• Problem to solve: Only the lines below starting at the one containing "Palme Baum Zeichnung im Sand foto" and ending at the one containing "Prodej stavebního pozemku" belong in the answer, each copied exactly.

• Items from a dataset:
+--

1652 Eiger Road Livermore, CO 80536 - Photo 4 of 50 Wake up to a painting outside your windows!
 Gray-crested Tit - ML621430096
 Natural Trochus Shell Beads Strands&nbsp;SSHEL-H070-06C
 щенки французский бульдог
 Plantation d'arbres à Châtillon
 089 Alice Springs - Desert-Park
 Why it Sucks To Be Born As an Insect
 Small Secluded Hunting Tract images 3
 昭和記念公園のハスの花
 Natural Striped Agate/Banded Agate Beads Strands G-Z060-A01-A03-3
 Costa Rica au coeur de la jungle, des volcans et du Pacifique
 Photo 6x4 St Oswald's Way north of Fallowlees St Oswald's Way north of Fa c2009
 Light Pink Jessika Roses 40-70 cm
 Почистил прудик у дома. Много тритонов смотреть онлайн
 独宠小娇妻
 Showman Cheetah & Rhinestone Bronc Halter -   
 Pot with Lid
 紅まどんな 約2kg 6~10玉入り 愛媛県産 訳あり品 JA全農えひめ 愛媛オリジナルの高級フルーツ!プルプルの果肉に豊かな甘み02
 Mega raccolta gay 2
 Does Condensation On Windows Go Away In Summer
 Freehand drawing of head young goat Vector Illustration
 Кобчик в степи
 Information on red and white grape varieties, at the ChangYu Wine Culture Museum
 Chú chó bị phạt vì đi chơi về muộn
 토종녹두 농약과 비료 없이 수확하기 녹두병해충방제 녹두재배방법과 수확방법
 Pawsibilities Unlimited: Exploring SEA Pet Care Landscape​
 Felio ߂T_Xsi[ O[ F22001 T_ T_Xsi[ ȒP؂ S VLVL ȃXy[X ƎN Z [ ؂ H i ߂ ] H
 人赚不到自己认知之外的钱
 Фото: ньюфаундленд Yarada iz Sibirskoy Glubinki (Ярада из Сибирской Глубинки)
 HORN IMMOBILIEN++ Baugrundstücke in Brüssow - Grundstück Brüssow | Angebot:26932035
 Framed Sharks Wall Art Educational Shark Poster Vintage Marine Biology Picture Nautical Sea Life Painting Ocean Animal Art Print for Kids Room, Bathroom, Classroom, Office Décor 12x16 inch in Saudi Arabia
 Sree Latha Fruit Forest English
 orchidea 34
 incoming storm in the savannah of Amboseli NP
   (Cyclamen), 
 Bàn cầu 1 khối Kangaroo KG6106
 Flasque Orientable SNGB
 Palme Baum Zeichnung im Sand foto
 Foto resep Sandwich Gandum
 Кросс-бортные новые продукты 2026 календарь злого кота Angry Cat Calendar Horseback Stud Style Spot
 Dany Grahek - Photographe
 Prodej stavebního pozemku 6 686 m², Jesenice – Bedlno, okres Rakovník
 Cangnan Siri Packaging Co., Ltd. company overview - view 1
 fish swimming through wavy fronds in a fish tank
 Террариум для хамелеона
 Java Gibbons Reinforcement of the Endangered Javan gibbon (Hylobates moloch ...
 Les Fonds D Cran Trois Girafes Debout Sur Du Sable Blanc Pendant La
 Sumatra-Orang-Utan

+--

• Answer for this exercise:
 Palme Baum Zeichnung im Sand foto
 Foto resep Sandwich Gandum
 Кросс-бортные новые продукты 2026 календарь злого кота Angry Cat Calendar Horseback Stud Style Spot
 Dany Grahek - Photographe
 Prodej stavebního pozemku 6 686 m², Jesenice – Bedlno, okres Rakovník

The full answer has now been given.